As far as I can tell, there aren't droves of Kickstarter campaigns that keep getting sued or prosecuted on regular just for perpetually delaying their delivery dates (often for years).




Kickstarter and other crowdfunding platforms are framed as donations.

Steam Early Access allows you to request a full refund at any point up until the actual launch of the game (and then 14 days after based on the standard refund policy), even if you have played it extensively.


> Kickstarter and other crowdfunding platforms are framed as donations.

I don't see any evidence of this on the Kickstarter website.

> Steam Early Access allows you to request a full refund at any point up until the actual launch of the game

This is not true.
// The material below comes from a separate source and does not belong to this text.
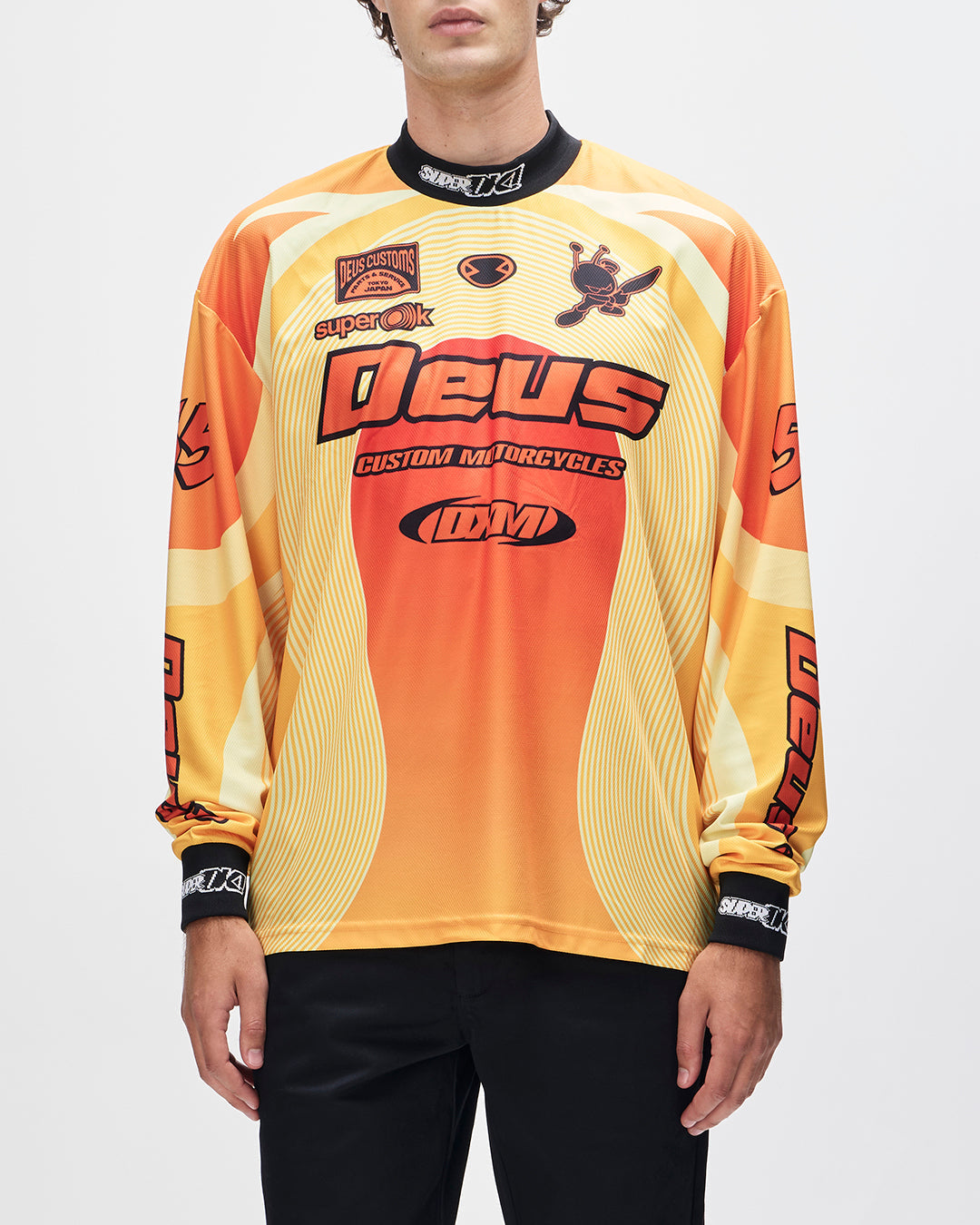 pledge-moto-jersey-sunrise-orange|Model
They are considered normal purchases.


Look closer, you'll see it says "Pledge" instead of "Buy Now" or similar language. You also receive a "Reward" if the project is successful.

https://store.steampowered.com/steam_refunds/ You may need to go back and forth with support to get a refund, but Early Access is ultimately covered under the pre-purchase terms.


I think you're misinterpreting "you can request a refund at any time prior to release" – the release date is the date it comes out on Early Access, not any potential 1.0.

And re: kickstarter, I think "pledge" is in relation to the fact that you don't have to pay unless the project gets over it's goal. I remain very skeptical that pre-orders are as legally shaky as you claim.


> Are these non-released steam games killing people?

This isn't relevant to the law! But also by the same argument how is a non-released self-driving product killing people?


Are these non-released steam games killing people?


They don't, just like the non-released FSD doesn't, because it isn't available yet.

The original claim I replied to was talking about the possibility of Tesla getting sued for delaying multiple times the release of a product that's in active development (and thus being unavailable). I don't see how the discussion about a product that the public has no access to "killing people" is relevant at all.